# Introduction to working with a MolecularExpressionAssay

This notebook shows how to:

1. Parse MolecularExpressionAssay metadata from a Dataset
2. Access molecular expression data from a Molecular Expression Dataset

## 1: Parse MolecularExpressionAssay metadata from a Dataset

#### From the JupyterLab instance, select a Python3 kernel and import dxdata

In [2]:
import dxdata

#### Load Dataset (or Cohort)

In [10]:
molecular_expression_dataset = dxdata.load_dataset(id="record-G7y66Vj0GjvK7xbp4Xg2Zjy5")

In [11]:
molecular_expression_dataset.__dict__

{'entities': [<Entity "sample">],
 'edges': [<dxdata.dataset.dataset.Edge at 0x7fc259133a90>,
  <dxdata.dataset.dataset.Edge at 0x7fc259126c18>],
 'entities_by_name': OrderedDict([('sample', <Entity "sample">)]),
 'primary_entity': <Entity "sample">,
 'dashboards': OrderedDict(),
 'primary_dashboard': None,
 'annotations': [],
 'assays': DxOrderedDict([('my_expression_project',
                 <dxdata.dataset.assay.MolecularExpressionAssay at 0x7fc259125ac8>)])}

In [15]:
molecular_expression_dataset.assays

DxOrderedDict([('my_expression_project',
                <dxdata.dataset.assay.MolecularExpressionAssay at 0x7fc259125ac8>)])

#### Select your desired assay and parse the Assay class for desired metadata

In [12]:
assay = molecular_expression_dataset.assays["my_expression_project"]
assay.entities

OrderedDefaultDict([('expr_annotation', <Entity "expr_annotation">),
                    ('expression', <Entity "expression">)])

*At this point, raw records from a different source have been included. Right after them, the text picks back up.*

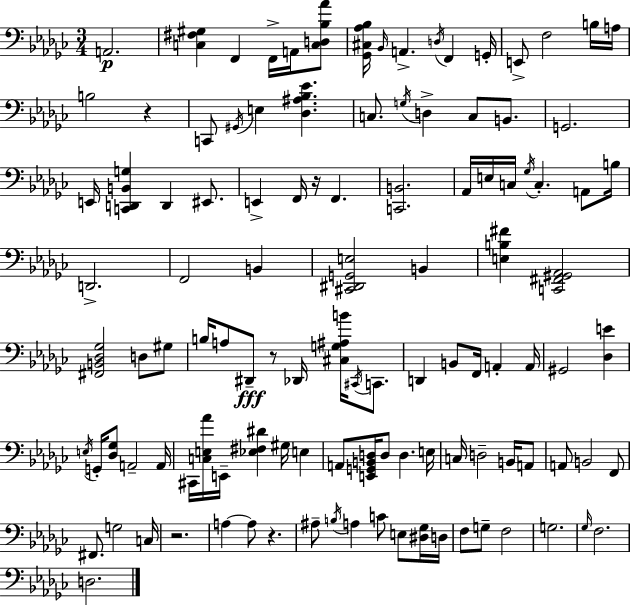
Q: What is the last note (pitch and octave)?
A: D3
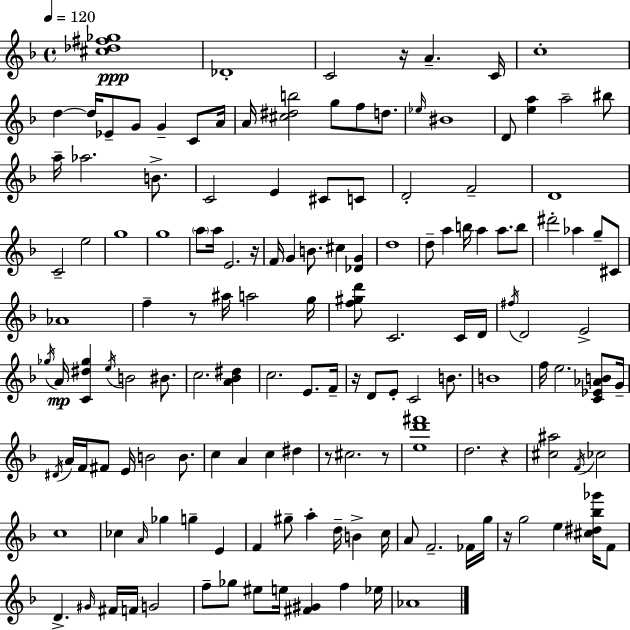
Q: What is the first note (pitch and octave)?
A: Db4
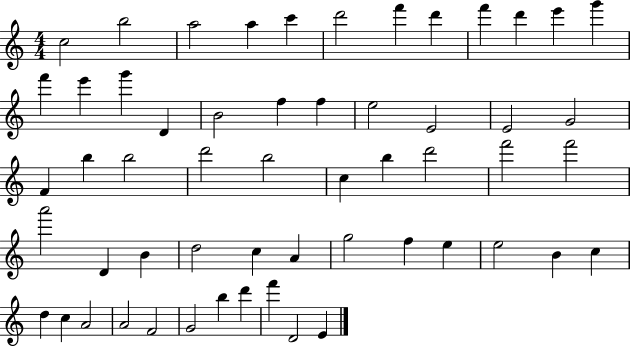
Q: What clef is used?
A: treble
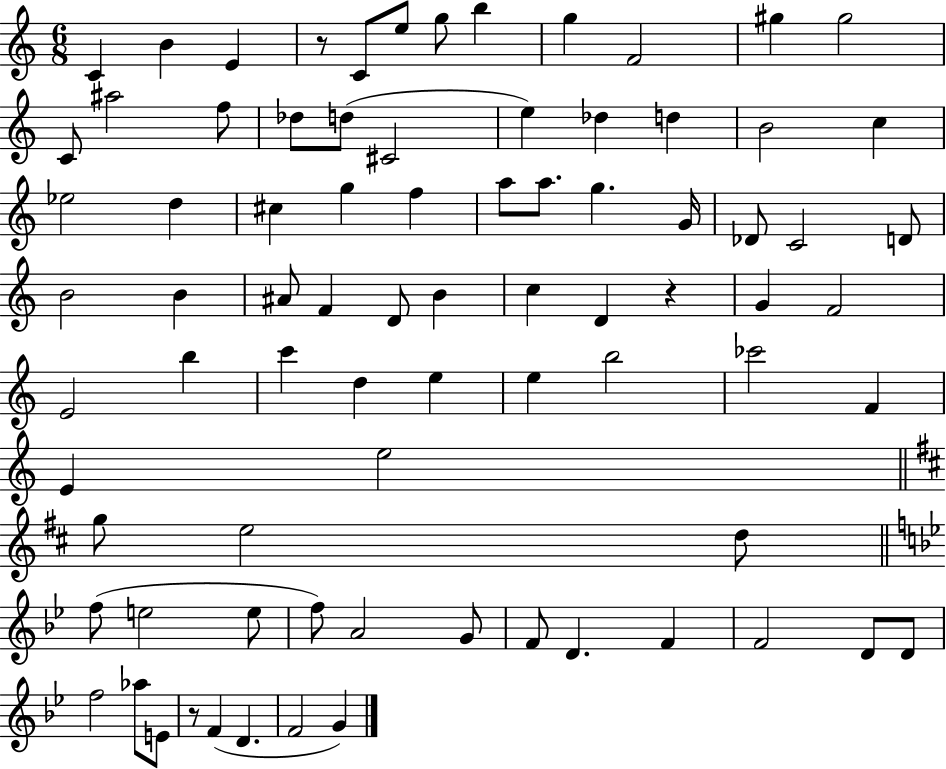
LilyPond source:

{
  \clef treble
  \numericTimeSignature
  \time 6/8
  \key c \major
  c'4 b'4 e'4 | r8 c'8 e''8 g''8 b''4 | g''4 f'2 | gis''4 gis''2 | \break c'8 ais''2 f''8 | des''8 d''8( cis'2 | e''4) des''4 d''4 | b'2 c''4 | \break ees''2 d''4 | cis''4 g''4 f''4 | a''8 a''8. g''4. g'16 | des'8 c'2 d'8 | \break b'2 b'4 | ais'8 f'4 d'8 b'4 | c''4 d'4 r4 | g'4 f'2 | \break e'2 b''4 | c'''4 d''4 e''4 | e''4 b''2 | ces'''2 f'4 | \break e'4 e''2 | \bar "||" \break \key b \minor g''8 e''2 d''8 | \bar "||" \break \key bes \major f''8( e''2 e''8 | f''8) a'2 g'8 | f'8 d'4. f'4 | f'2 d'8 d'8 | \break f''2 aes''8 e'8 | r8 f'4( d'4. | f'2 g'4) | \bar "|."
}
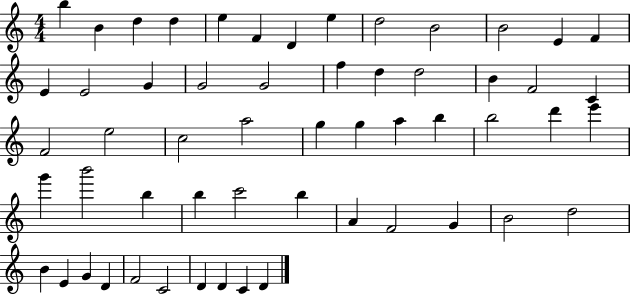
X:1
T:Untitled
M:4/4
L:1/4
K:C
b B d d e F D e d2 B2 B2 E F E E2 G G2 G2 f d d2 B F2 C F2 e2 c2 a2 g g a b b2 d' e' g' b'2 b b c'2 b A F2 G B2 d2 B E G D F2 C2 D D C D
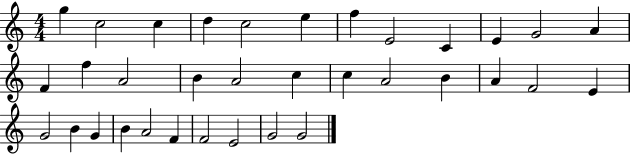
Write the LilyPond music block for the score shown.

{
  \clef treble
  \numericTimeSignature
  \time 4/4
  \key c \major
  g''4 c''2 c''4 | d''4 c''2 e''4 | f''4 e'2 c'4 | e'4 g'2 a'4 | \break f'4 f''4 a'2 | b'4 a'2 c''4 | c''4 a'2 b'4 | a'4 f'2 e'4 | \break g'2 b'4 g'4 | b'4 a'2 f'4 | f'2 e'2 | g'2 g'2 | \break \bar "|."
}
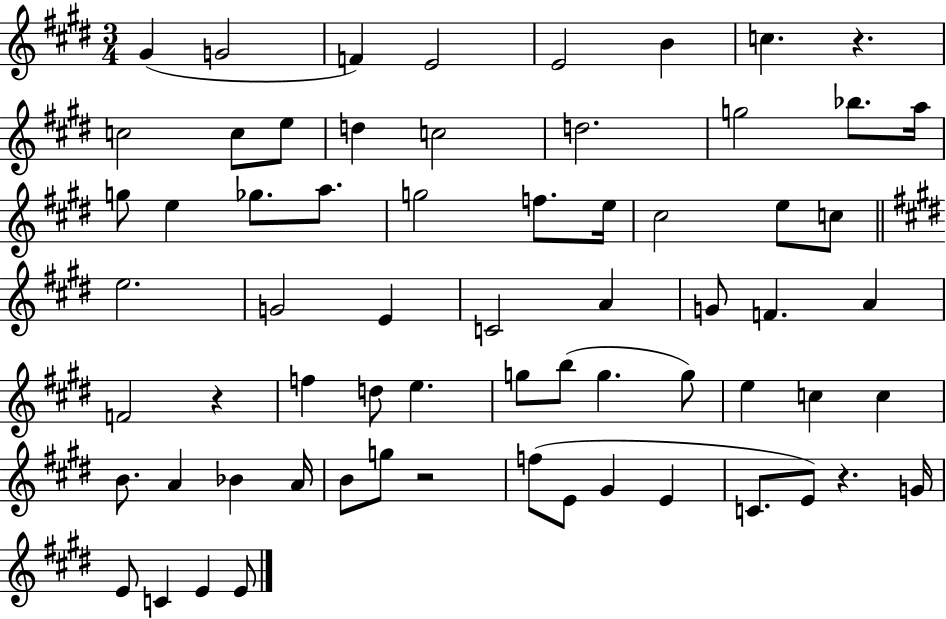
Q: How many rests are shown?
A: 4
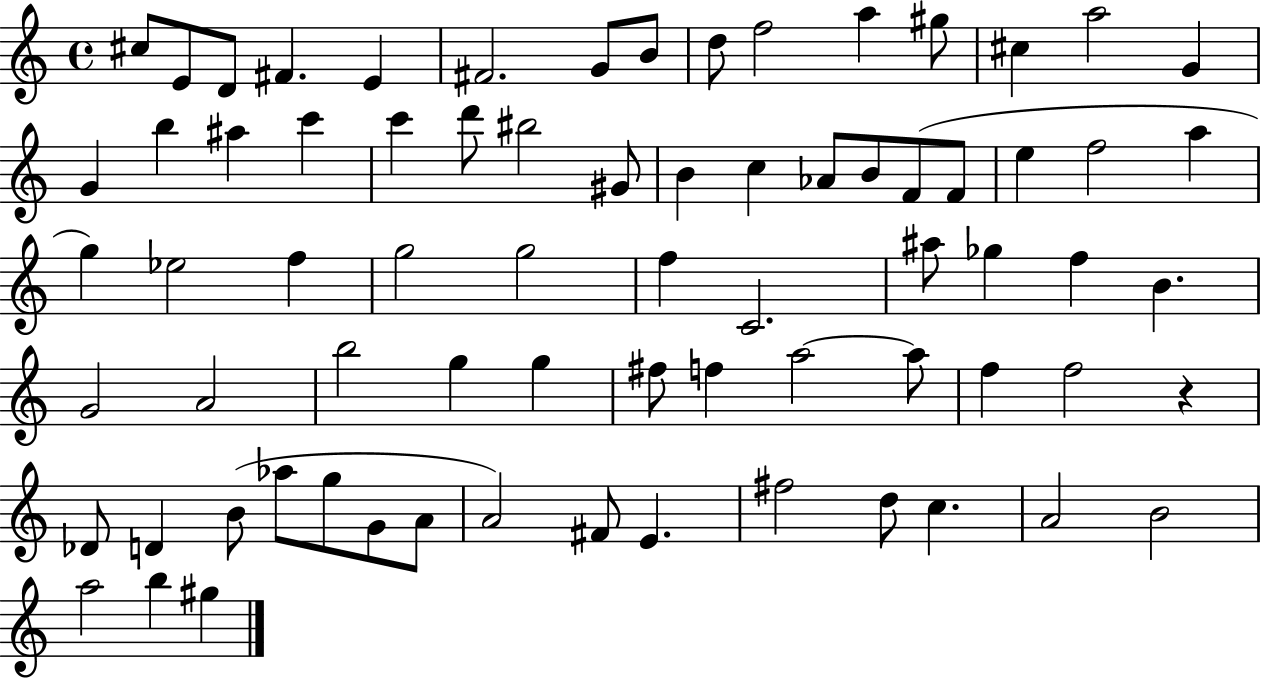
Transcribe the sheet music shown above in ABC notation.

X:1
T:Untitled
M:4/4
L:1/4
K:C
^c/2 E/2 D/2 ^F E ^F2 G/2 B/2 d/2 f2 a ^g/2 ^c a2 G G b ^a c' c' d'/2 ^b2 ^G/2 B c _A/2 B/2 F/2 F/2 e f2 a g _e2 f g2 g2 f C2 ^a/2 _g f B G2 A2 b2 g g ^f/2 f a2 a/2 f f2 z _D/2 D B/2 _a/2 g/2 G/2 A/2 A2 ^F/2 E ^f2 d/2 c A2 B2 a2 b ^g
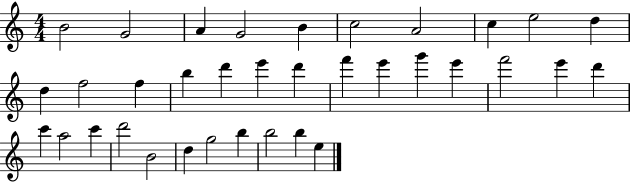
B4/h G4/h A4/q G4/h B4/q C5/h A4/h C5/q E5/h D5/q D5/q F5/h F5/q B5/q D6/q E6/q D6/q F6/q E6/q G6/q E6/q F6/h E6/q D6/q C6/q A5/h C6/q D6/h B4/h D5/q G5/h B5/q B5/h B5/q E5/q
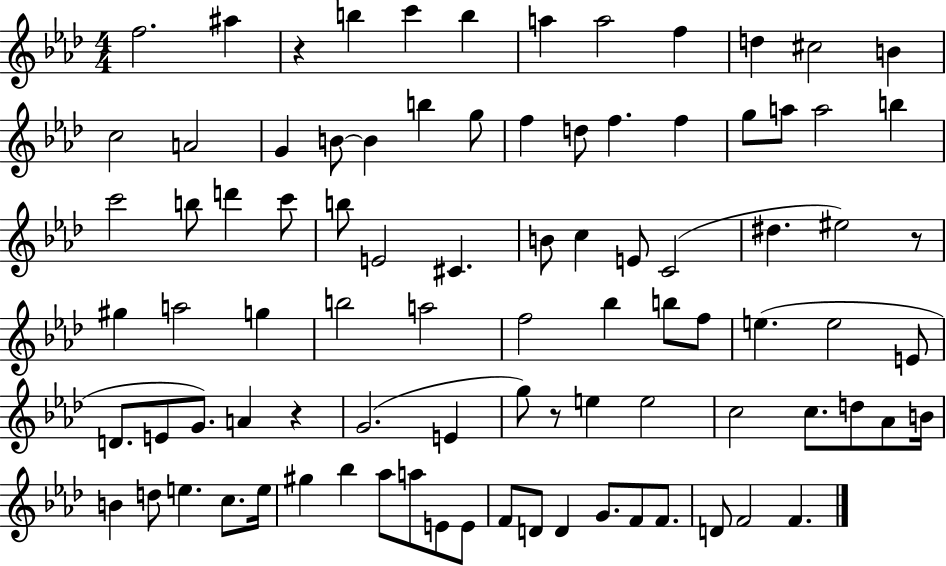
{
  \clef treble
  \numericTimeSignature
  \time 4/4
  \key aes \major
  f''2. ais''4 | r4 b''4 c'''4 b''4 | a''4 a''2 f''4 | d''4 cis''2 b'4 | \break c''2 a'2 | g'4 b'8~~ b'4 b''4 g''8 | f''4 d''8 f''4. f''4 | g''8 a''8 a''2 b''4 | \break c'''2 b''8 d'''4 c'''8 | b''8 e'2 cis'4. | b'8 c''4 e'8 c'2( | dis''4. eis''2) r8 | \break gis''4 a''2 g''4 | b''2 a''2 | f''2 bes''4 b''8 f''8 | e''4.( e''2 e'8 | \break d'8. e'8 g'8.) a'4 r4 | g'2.( e'4 | g''8) r8 e''4 e''2 | c''2 c''8. d''8 aes'8 b'16 | \break b'4 d''8 e''4. c''8. e''16 | gis''4 bes''4 aes''8 a''8 e'8 e'8 | f'8 d'8 d'4 g'8. f'8 f'8. | d'8 f'2 f'4. | \break \bar "|."
}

## 2: Access molecular expression data from a Molecular Expression Dataset

#### A Spark-enabled JupyterLab instance may be used to access, analyze and/or extract data, as referenced in a Molecular Expression Assay Loader Dataset. From the JupyterLab instance, select a Python3 kernel and set up the environment.

In [5]:
import dxdata
import pyspark

# Initiate Spark
sc = pyspark.SparkContext()
spark = pyspark.sql.SparkSession(sc)

#### Extract assay information and run query.

In [14]:
# Specify dataset and assay
dataset = dxdata.load_dataset(id="record-G7y66Vj0GjvK7xbp4Xg2Zjy5")
assay = dataset.assays["my_expression_project"]

# Build SQL
table = "expression"
database = assay.entities[table].database_name
sql = f"SELECT * from {database}.{table}"

# Build Spark DataFrame from SQL
sdf = spark.sql(sql)
sdf.show(10)

+---------------+---------+-----+
|     feature_id|sample_id|value|
+---------------+---------+-----+
|ENST00000346162| sample_2|   85|
|ENST00000438810| sample_1|   68|
|ENST00000305531| sample_2|   88|
|ENST00000427231| sample_3|   27|
|ENST00000427970| sample_3|    4|
|ENST00000290037| sample_3|   21|
|ENST00000358472| sample_1|    5|
|ENST00000398738| sample_1|    8|
|ENST00000421624| sample_1|   90|
|ENST00000397381| sample_2|   24|
+---------------+---------+-----+
only showing top 10 rows



#### A Spark DataFrame may be written to a file, further analyzed using Spark  (or Koalas), or read into memory and analyzed using Pandas.